# DATA TO USE:
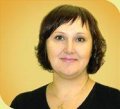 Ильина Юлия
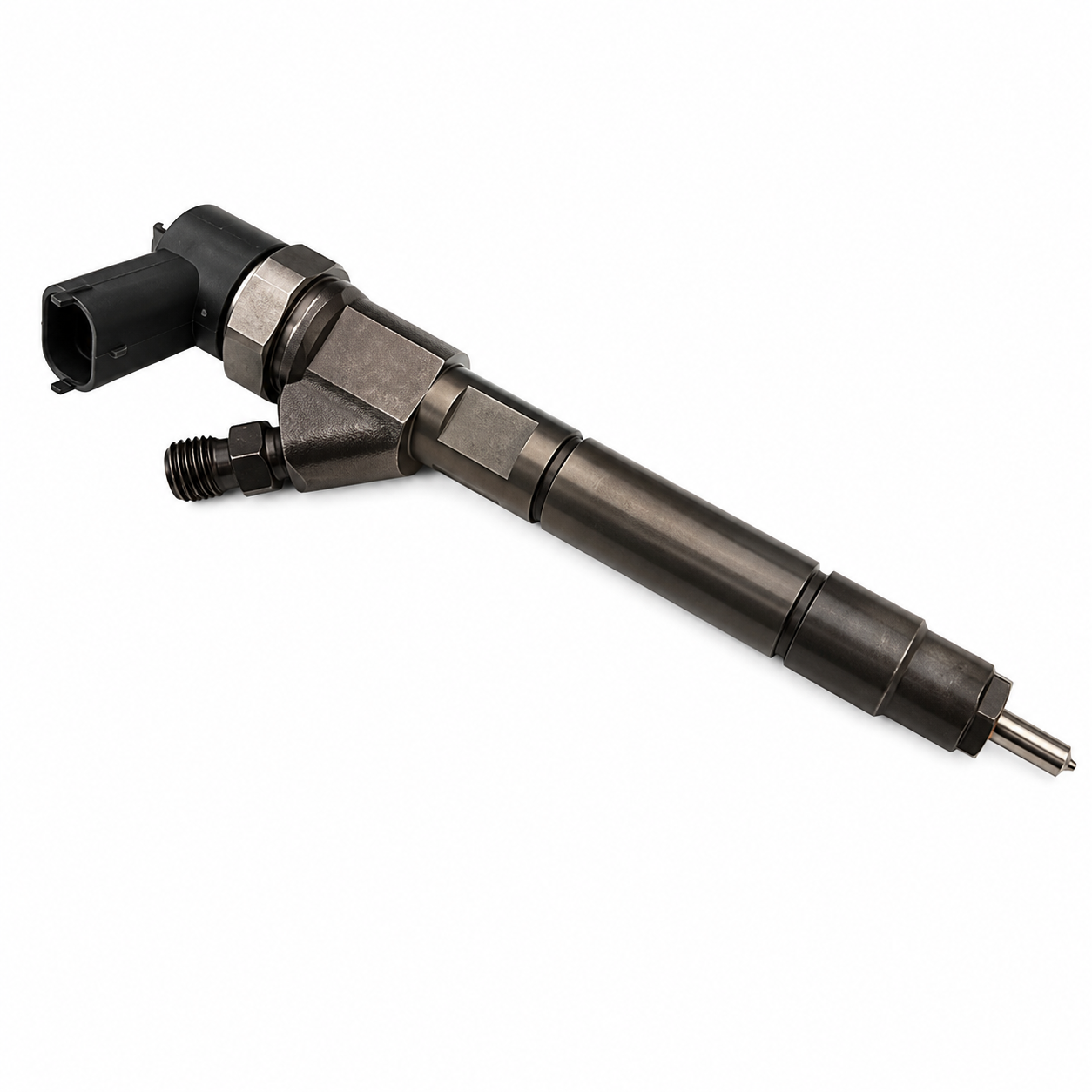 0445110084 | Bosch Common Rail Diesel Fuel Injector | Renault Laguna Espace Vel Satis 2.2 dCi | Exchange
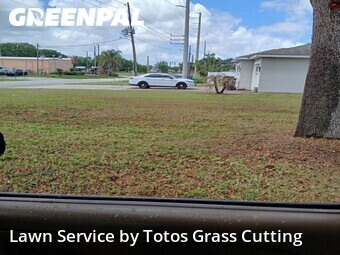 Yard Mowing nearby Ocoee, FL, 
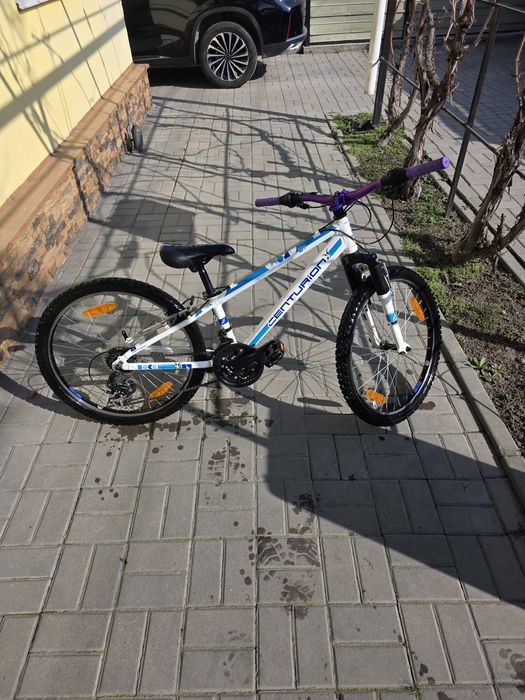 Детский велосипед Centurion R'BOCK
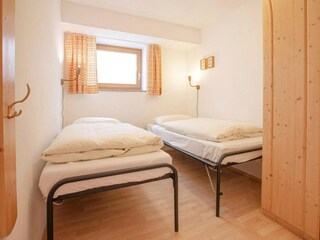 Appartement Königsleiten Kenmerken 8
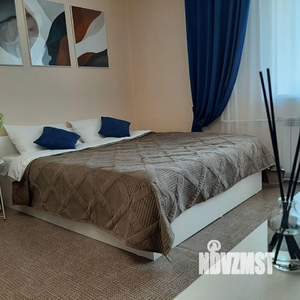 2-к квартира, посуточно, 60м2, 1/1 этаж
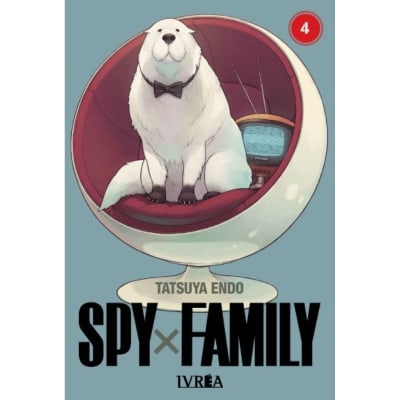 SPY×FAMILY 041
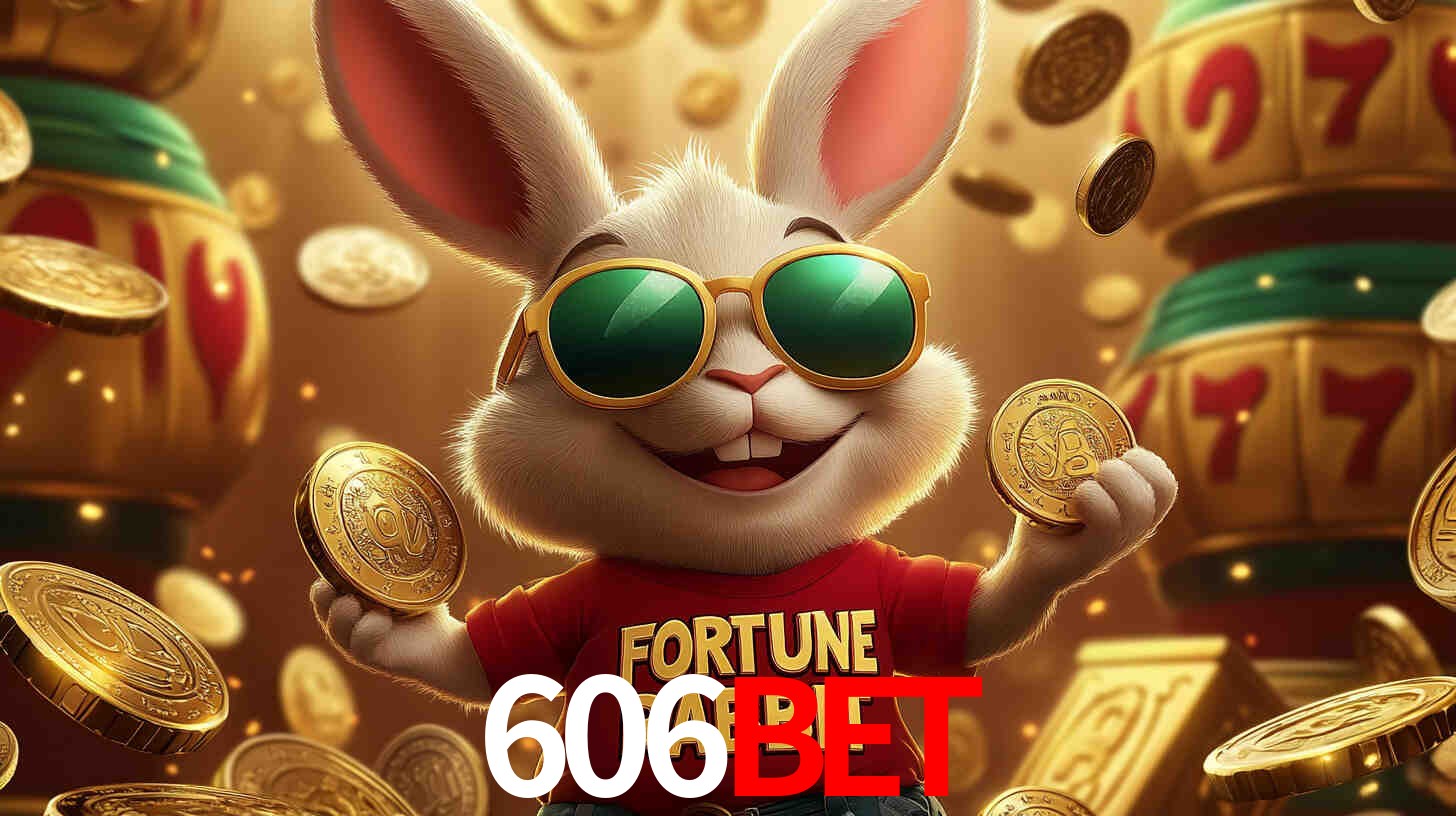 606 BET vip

# TASK REQUIREMENTS:
Retype, exactly and only, the lines from the one containing "Yard Mowing nearby" through the end of the entries, both ends included, and omit all pictures.

# WRITTEN SOLUTION:
 Yard Mowing nearby Ocoee, FL, 
 Детский велосипед Centurion R'BOCK
 Appartement Königsleiten Kenmerken 8
 2-к квартира, посуточно, 60м2, 1/1 этаж
 SPY×FAMILY 041
 606 BET vip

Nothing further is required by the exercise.